Write out the data exactly as given, dropping every picture.

Extracted records:
::::::::

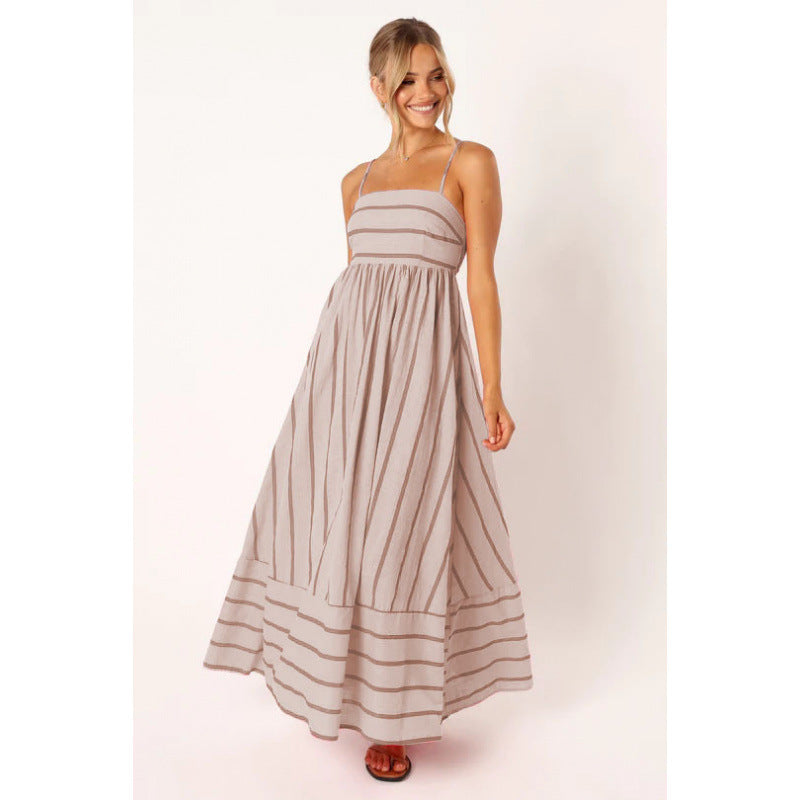Robe longue femme à fines rayures et taille élastique Berg-Feldt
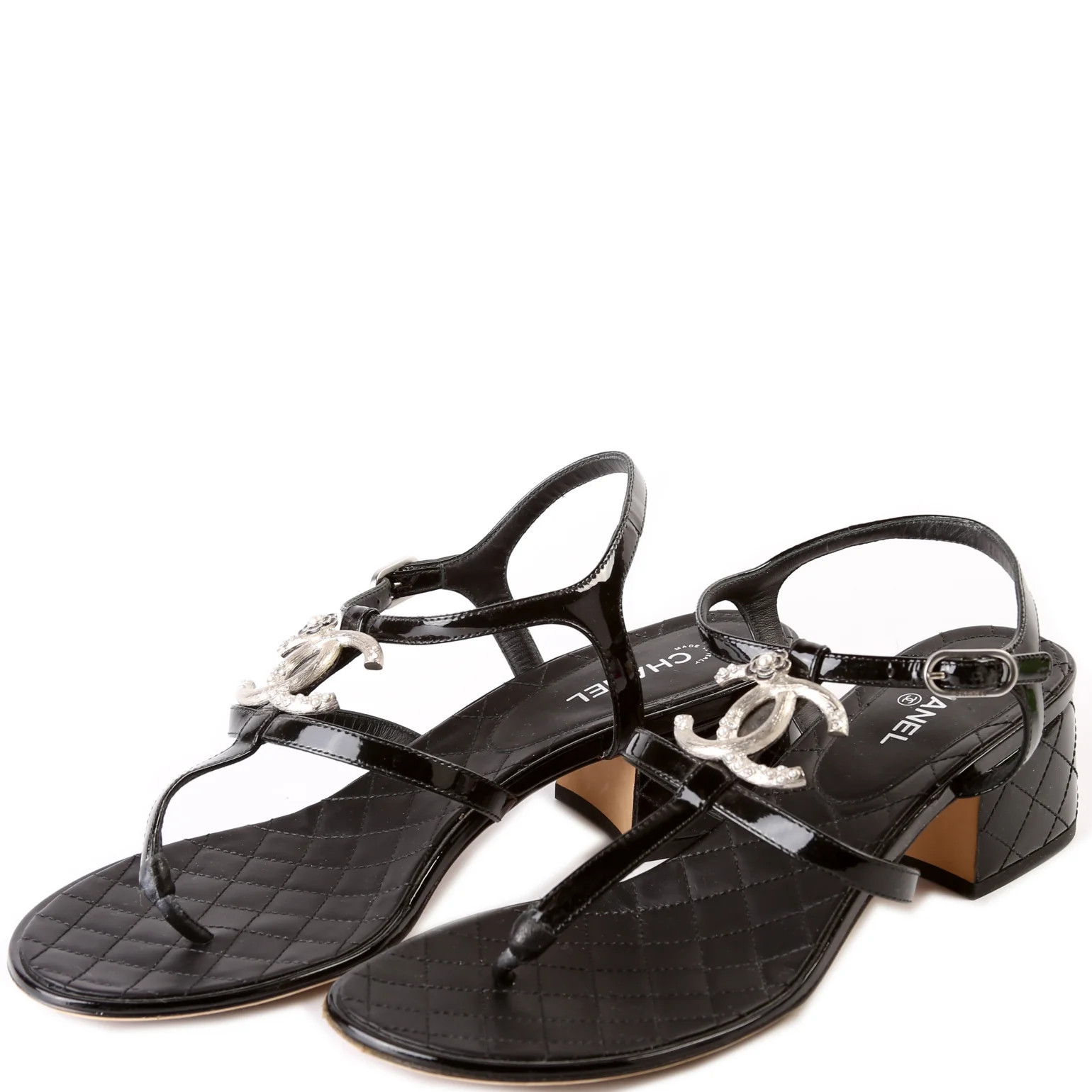 CC Camellia Sandals Size 39.5 | Keeks Designer Handbags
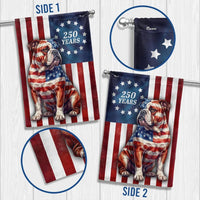 Patriotic Bulldog Garden Flag | 250 Years Betsy Ross Design | Double-Sided Weather-Resistant Polyester | USA Decor for Dog Lovers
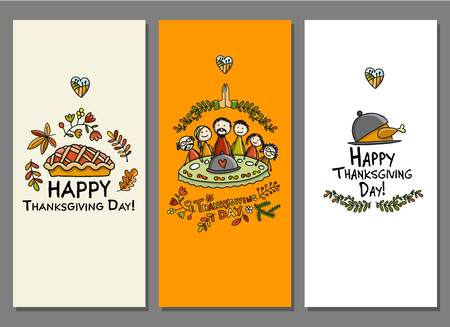 Thanksgiving day, art cards for your design.のイラスト素材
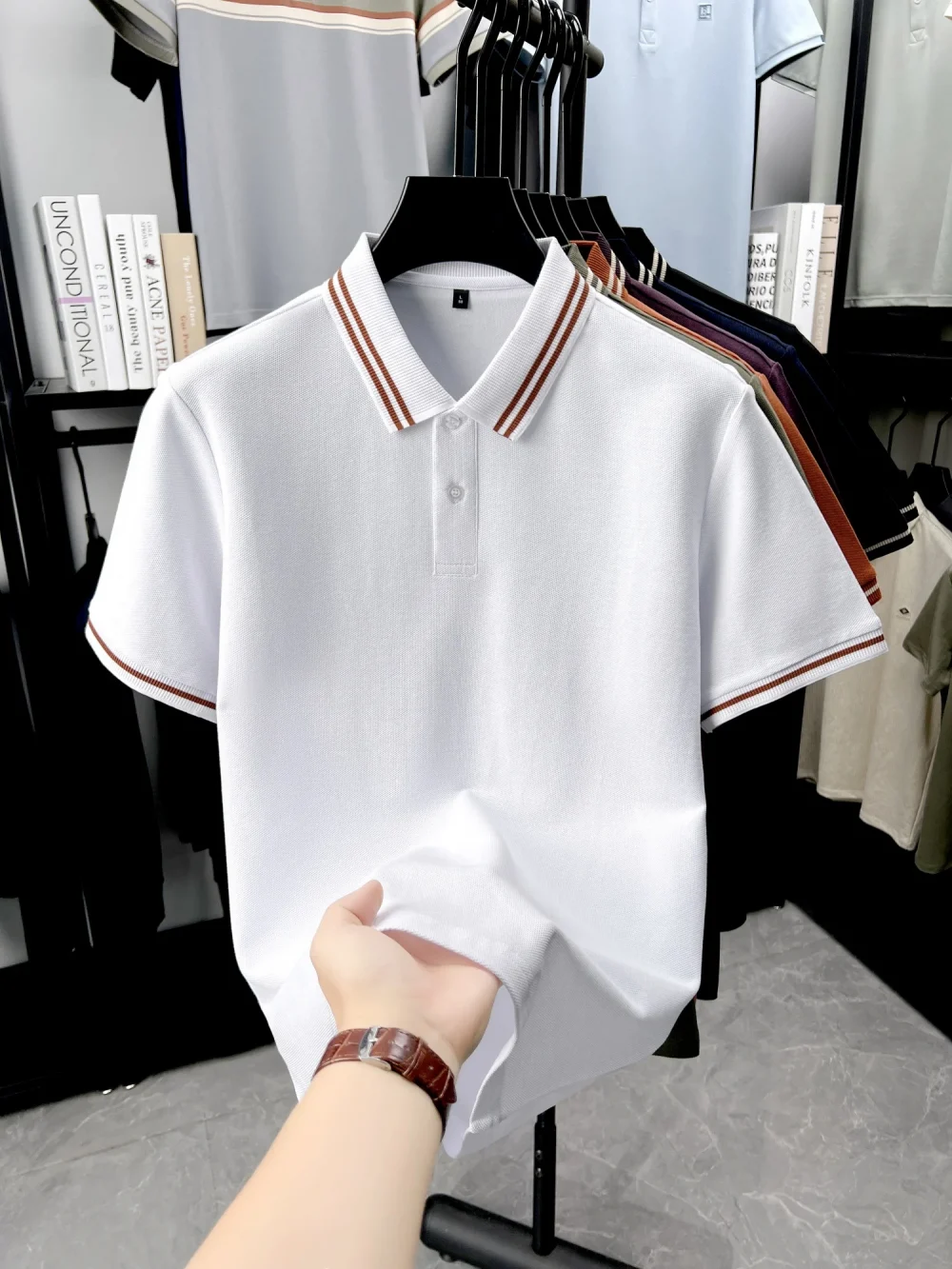 100% pure cotton men's new short sleeve summer custom fashion polo shirt high-quality luxury boutique Tshirt business casual top 5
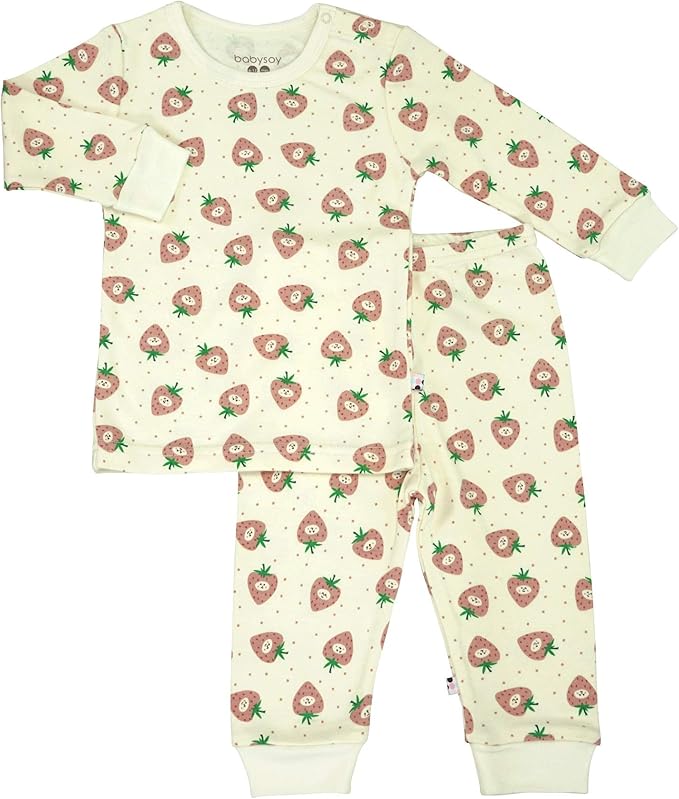 Babysoy Long Sleeve Unisex Lounge Set - Organic 2-Piece PJ Playwear Sets for Baby and Toddler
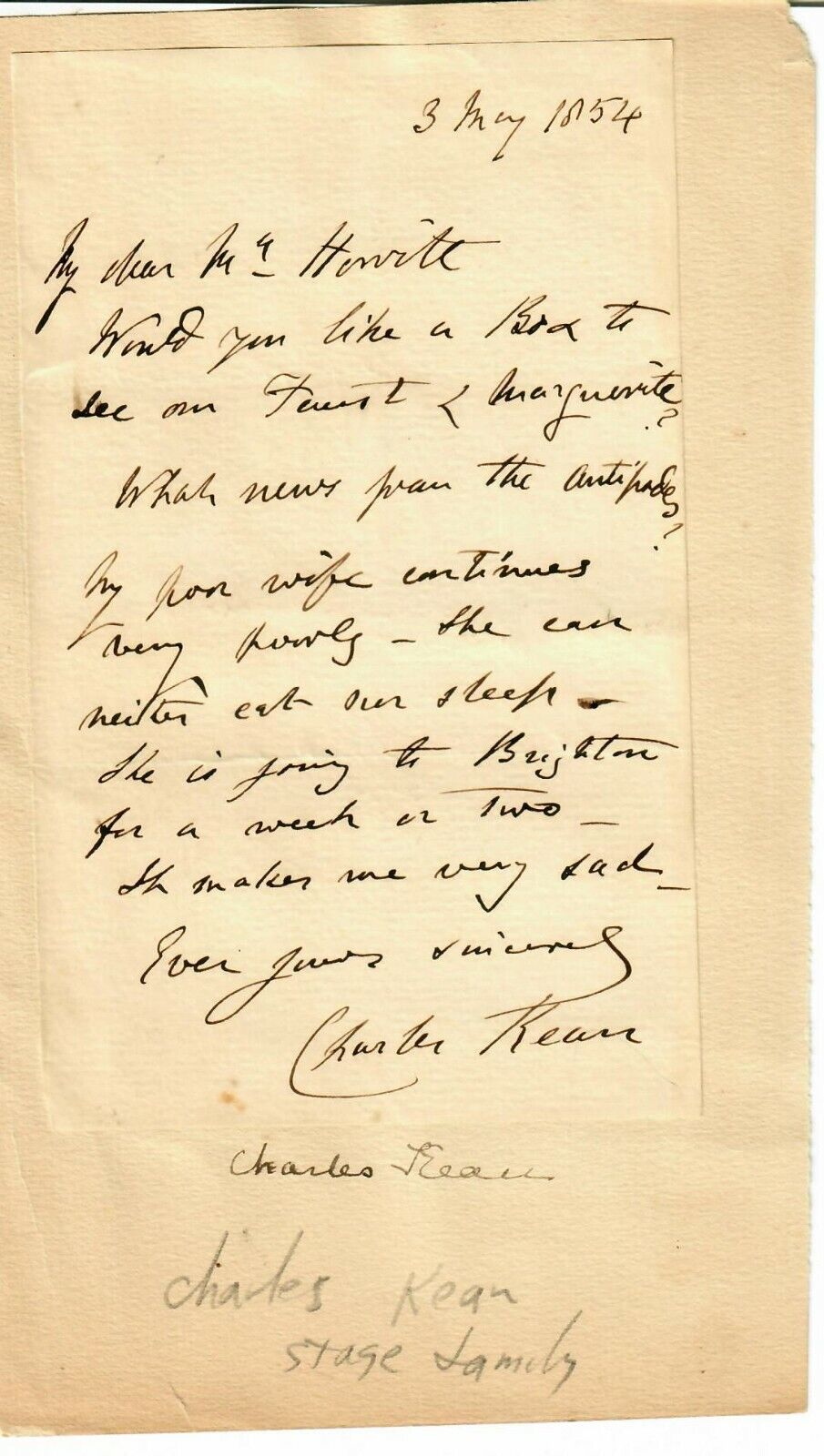 Rare Archibald Forbes & Charles Kean Hand Written Documents COA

::::::::

WRITTEN REPLY:
Robe longue femme à fines rayures et taille élastique Berg-Feldt
 CC Camellia Sandals Size 39.5 | Keeks Designer Handbags
 Patriotic Bulldog Garden Flag | 250 Years Betsy Ross Design | Double-Sided Weather-Resistant Polyester | USA Decor for Dog Lovers
 Thanksgiving day, art cards for your design.のイラスト素材
 100% pure cotton men's new short sleeve summer custom fashion polo shirt high-quality luxury boutique Tshirt business casual top 5
 Babysoy Long Sleeve Unisex Lounge Set - Organic 2-Piece PJ Playwear Sets for Baby and Toddler
 Rare Archibald Forbes & Charles Kean Hand Written Documents COA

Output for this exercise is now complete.